In fact, using clothing made from this fabric improperly or failing to wash and store it safely could cause it to age much faster than expected and, in some cases, even become irreparably damaged.

Follow Washing Instructions To The Letter

The durability of merino while you wear it is due to its ability to continuously move moisture away from your body. While this keeps it relatively odor-free for long periods of time, it doesn't mean you never have to wash your clothes. However, washing these garments requires much more care than simply wearing them does.

The fibers of merino wool clothing are incredibly smooth and fine. This contributes to the fabric's softness and light weight, and also ensures that the clothes aren't itchy like traditional wool. However, the fineness of the fibers is a double-edged sword, since it also means rough laundering will easily distort the fabric or cause it to shrink. Scrubbing hard to remove stains or using powerful fabric cleaners can stretch out the merino fibers or even cause them to fall apart.

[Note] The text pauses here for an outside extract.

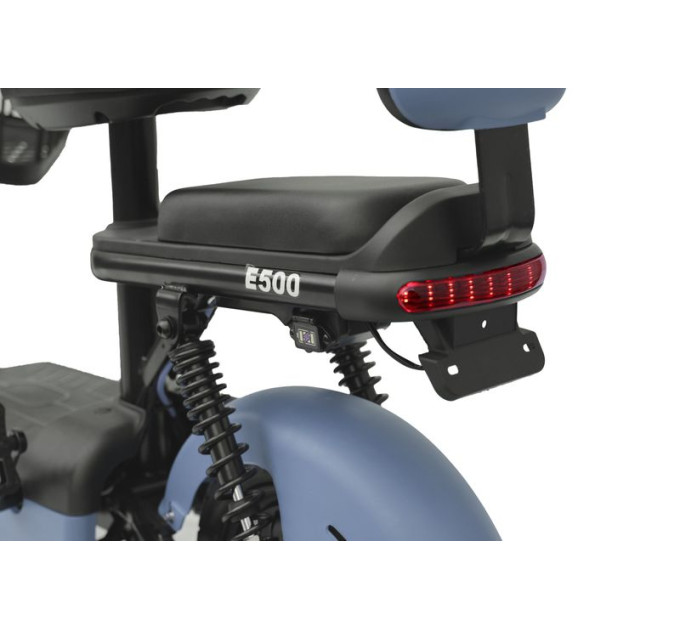 Maxxter Електроскутер Maxxter E500 (Gray)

To maintain the longevity of your merino garments, always follow the manufacturer's instructions for washing. When no instructions are provided or you can't remember what they were, opt for a gentle hand wash. Instead of scrubbing stains hard to remove them, soak them for long periods in gentle detergents instead.

Store Merino Clothing In A Secure Place

Unlike synthetic clothes, those made with merino wool can't simply be hung up in a closet or put into a drawer when you aren't wearing them. The organic fibers of these articles are enticing to moths, silverfish, and other fabric-eating bugs, which will make short work of a merino shirt if you leave it hanging up unprotected for long periods.

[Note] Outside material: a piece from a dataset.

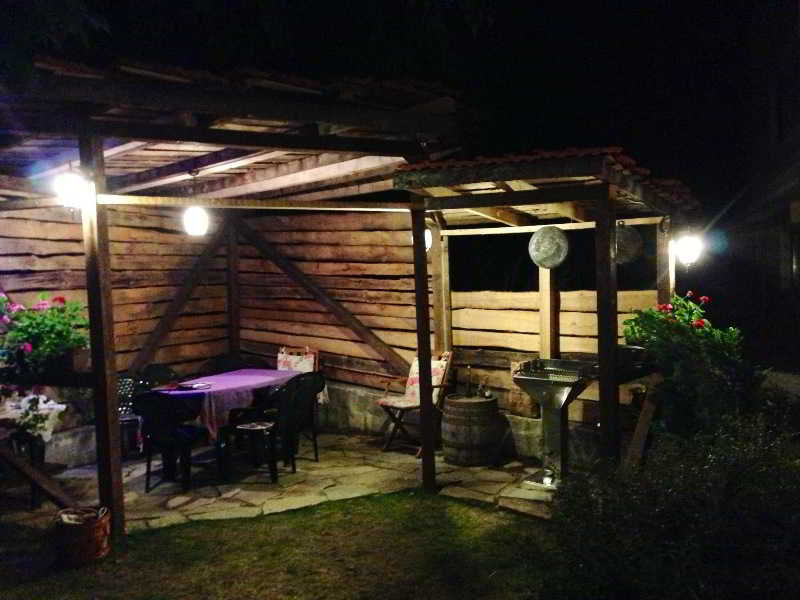 Terrace
 di The Lake Villa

The best way to protect your clothing from being eaten by bugs is to store it in sealed plastic clothing bags. Vacuum bags are effective too, but you need to make sure that the plastic is too thick for bugs to be able to chew through it. If you don't want to use any plastic bags, you can also store merino clothing in a sealed box with some moth balls. Just be sure to wash it before wearing at again afterwards, as moth balls tend to leave their smell on clothes stored with them.

Wear Pieces Designated For Your Activities

Merino wool hoodies and other types of clothing come in a variety of styles, weights, and strengths, and the meaning of these designations may vary slightly between manufacturers. Always use your manufacturer's recommendations to choose garments for particular activities. For example, if you plan on going skiing, it's a good idea to seek out merino skiing garments specifically. Usually these are made to resist strain in areas where the fabric will be frequently stretched by common motions involved in skiing.

If you can't find clothing for a particular sport or activity, you can still use the temperature of the area and the strenuousness of the activity to help you choose what to wear. Lightweight fabrics, for example, are best suited to warmer climates and activities that require intense movement. Heavyweight clothing is better suited to low-impact exercises in much colder climates. Heavyweight garments may be more likely to warp during intense activity.

Merino clothing is meant to help you survive and thrive in even the most intense environments. It takes care of you in extreme cold and extreme heat, so you should take care of it, too. When you know how to wash, store, and choose your merino garments correctly, you can ensure they survive as long as possible.